━━ Data under study ━━

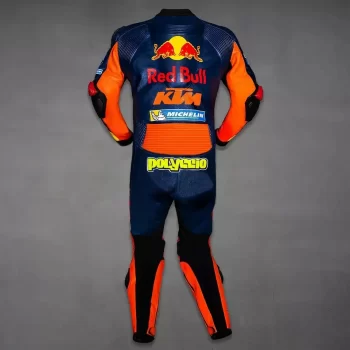 Jack Miller KTM Winter Test 2022 Leather Racing Suit – CE Armor, Aerodynamic Design & Custom Fit - Image 2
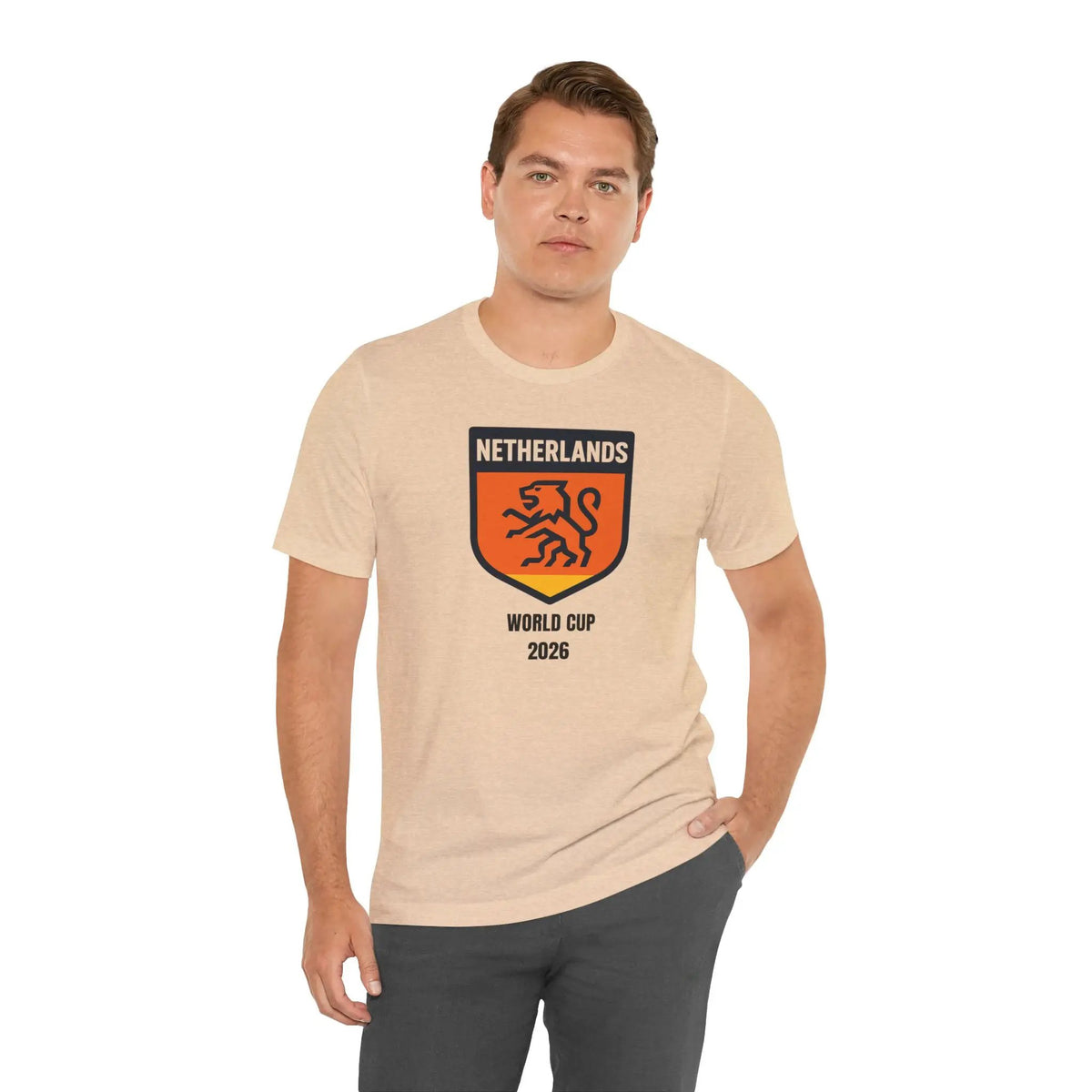 Netherlands World Cup 2026 Unisex Cotton Crew Tee by Printify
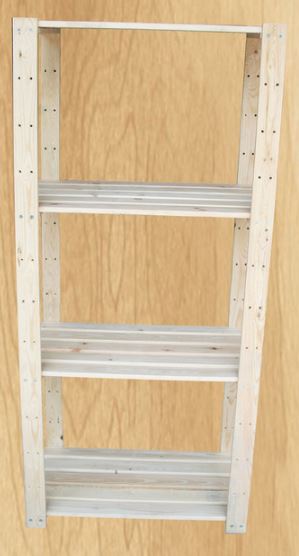 Стеллаж для бытового хранения П4-1218*730*410- 4 полки, РБ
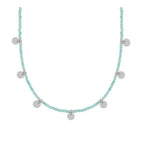 Chocker amazonite silver inserts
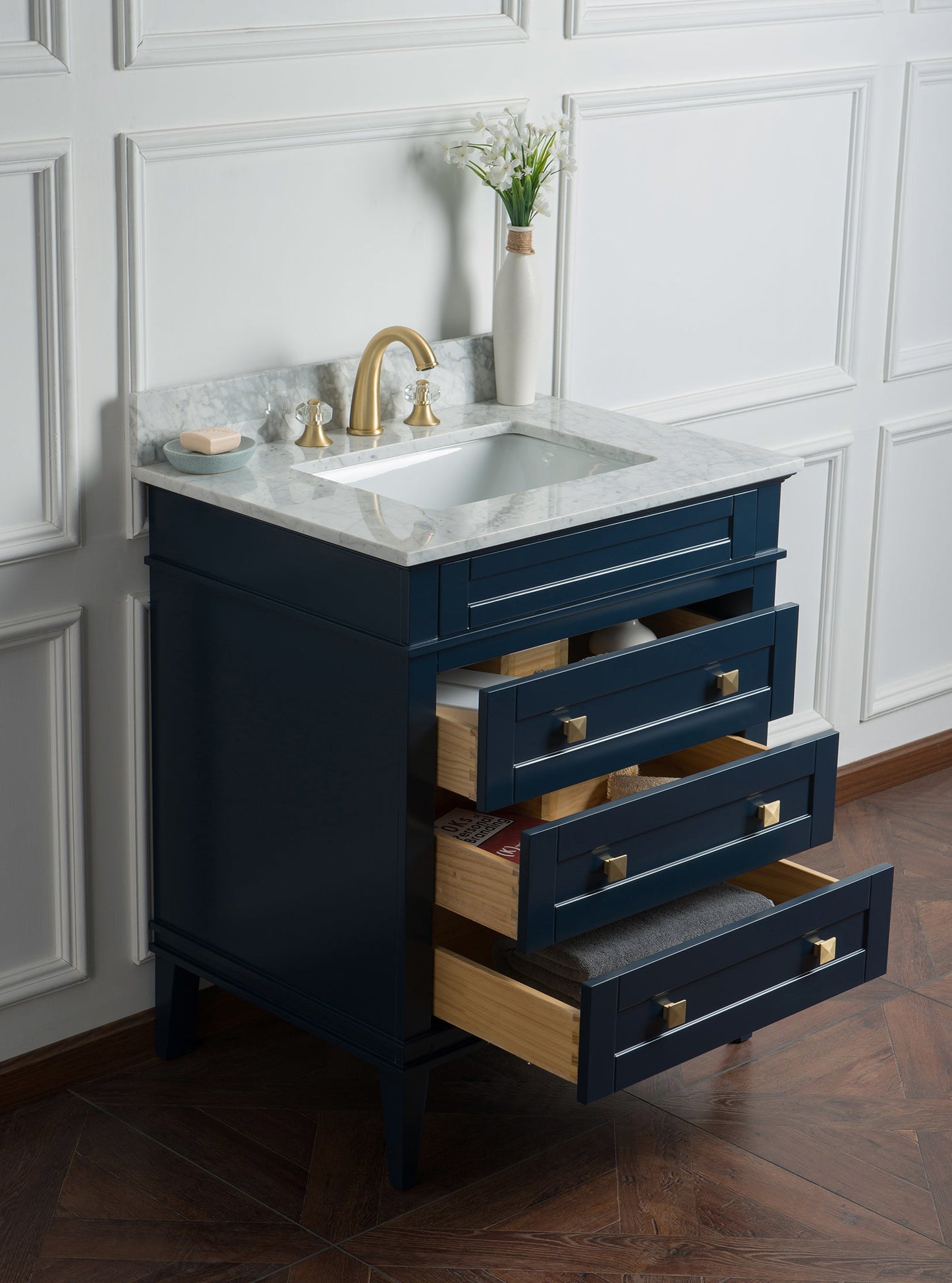 Alex 30" Single Bathroom Vanity Set in Blue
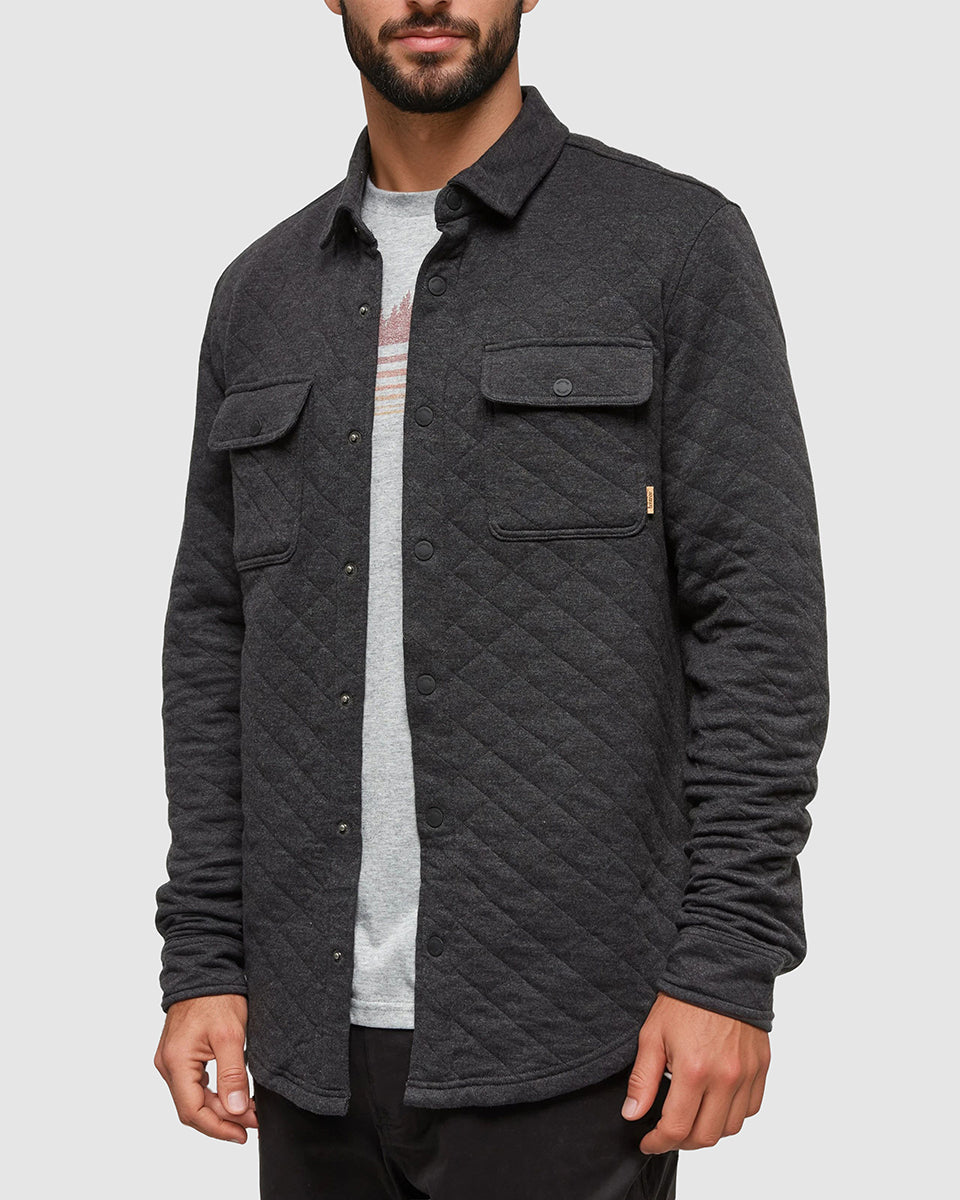 TenTree M Quilted Colville Shacket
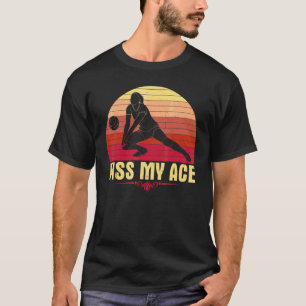 Volleyball Kiss My Ace Volleyball Player Coach Id T-Shirt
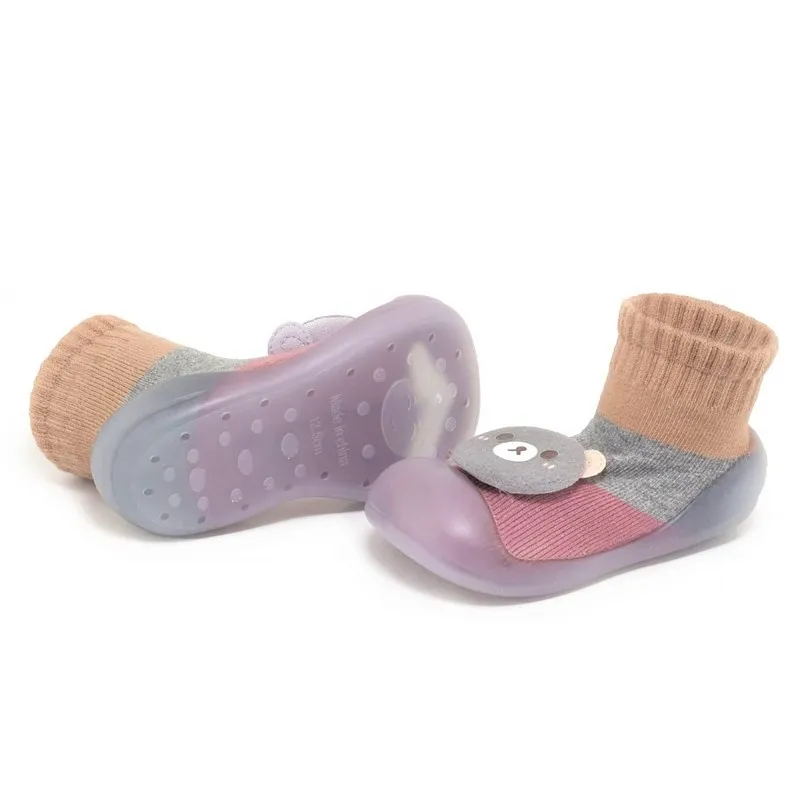 CHILDRENLAND STOPPER SOCKS CHILA147  PINK BEAR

━━━

== Try it ==
Omit every picture, and please return the entries exactly from the first line through the line with "Volleyball Kiss My", both included.

== Answer below ==
 Jack Miller KTM Winter Test 2022 Leather Racing Suit – CE Armor, Aerodynamic Design & Custom Fit - Image 2
 Netherlands World Cup 2026 Unisex Cotton Crew Tee by Printify
 Стеллаж для бытового хранения П4-1218*730*410- 4 полки, РБ
 Chocker amazonite silver inserts
 Alex 30" Single Bathroom Vanity Set in Blue
 TenTree M Quilted Colville Shacket
 Volleyball Kiss My Ace Volleyball Player Coach Id T-Shirt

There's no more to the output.